Kirk wanted to focus on his project, so he sold the land underneath Caesars Place for $5 million, returning $9 million total on his five-year investment.
Kirk was thinking big. He believed leisure travel was on the verge of exploding. He bought the bankrupt Bonanza Hotel and Casino and the second mortgage on Circus Circus resort and created the International Leisure Corporation (ILC) to own them and the Flamingo and International Hotels.
In 1969, he took ILC public and raised $26 million. Later that year, the International Hotel, which cost $60 million to build, opened and was wildly successful. With two successful hotels and casinos, ILC’s stock rose. Kirk’s eighty-two percent ownership was worth $180 million.
ILC had $50 million in debt, which Kirk planned to pay off by issuing more ILC stock. Unfortunately, the SEC wouldn’t let him because it questioned the recordkeeping at the Flamingo before Kirk bought it.
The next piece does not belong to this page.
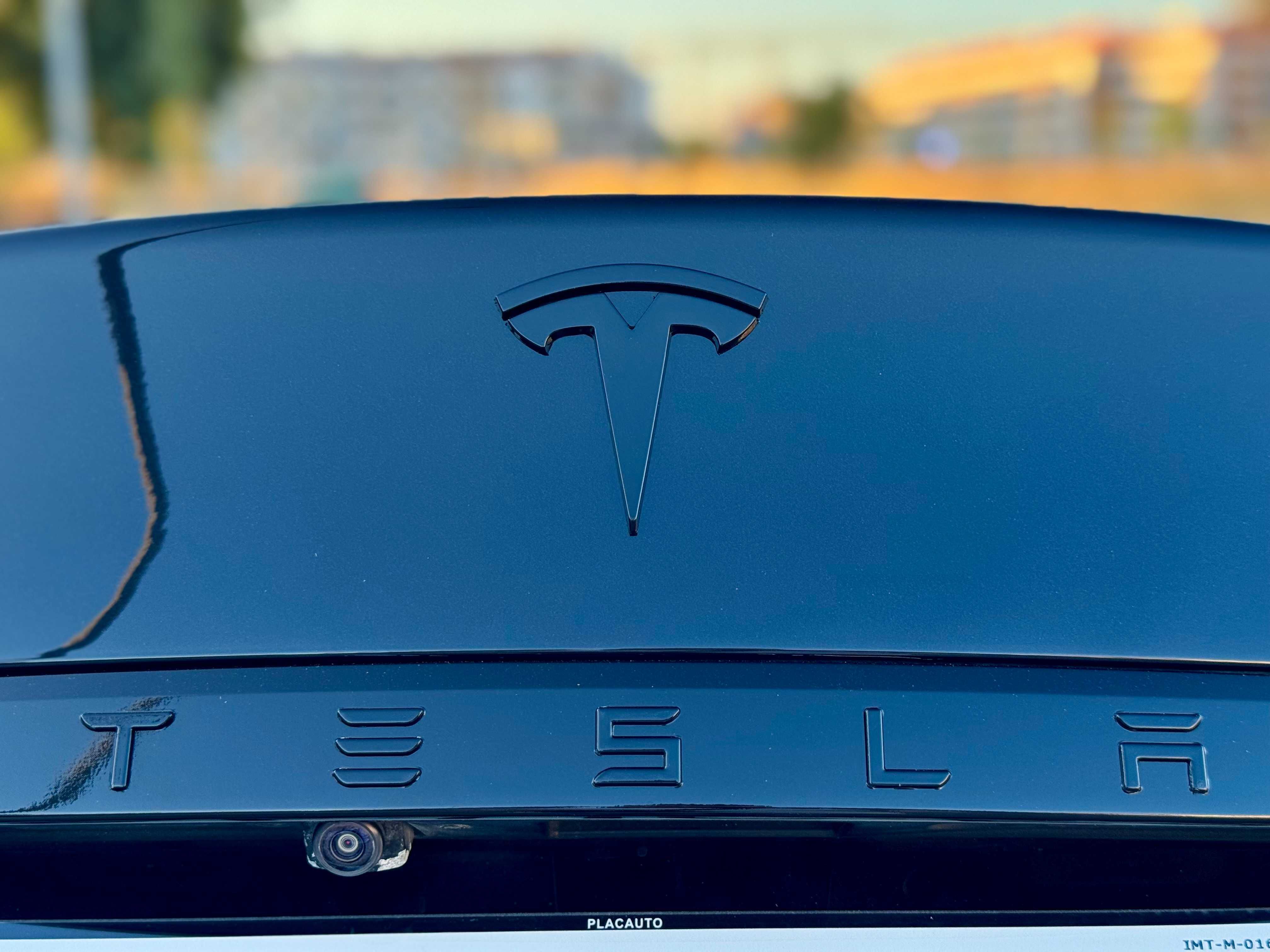 Model S 75D - Supercharger Grátis - Autopilot Pago - Panorâmica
Simultaneously, a bear market hit stocks. ILC’s stock dropped 90%, from $65 to $6.50. Kirk needed to raise cash. He sold his yacht, private plane, and roughly half of his ILC stock. His stock had been worth $180 million months earlier, but Hilton Hotels bought half of Kirk’s position for $19.4 million. Hilton owned 50% of ILC, for which it paid only $21.4 million. Leverage forced Kirk to sell at the worst possible time and lose control.
Kirk hated having partners. By 1970 Hilton was renaming the International Hotel as the Hilton Las Vegas. This, combined with wanting to pay off other debts, led to Kirk selling his remaining ILC shares. He was no longer in control of what he’d built and was out of the casino business for the time being. Things weren’t all bad. He made a roughly $30 million profit after ILC’s stock sales and dividends were factored in.
“I have no regrets,” Kirk said. But he learned valuable lessons: first, that ownership and control mattered in the companies he created, and second, that he, like his father, was susceptible to being crushed by financial leverage at the worst possible time.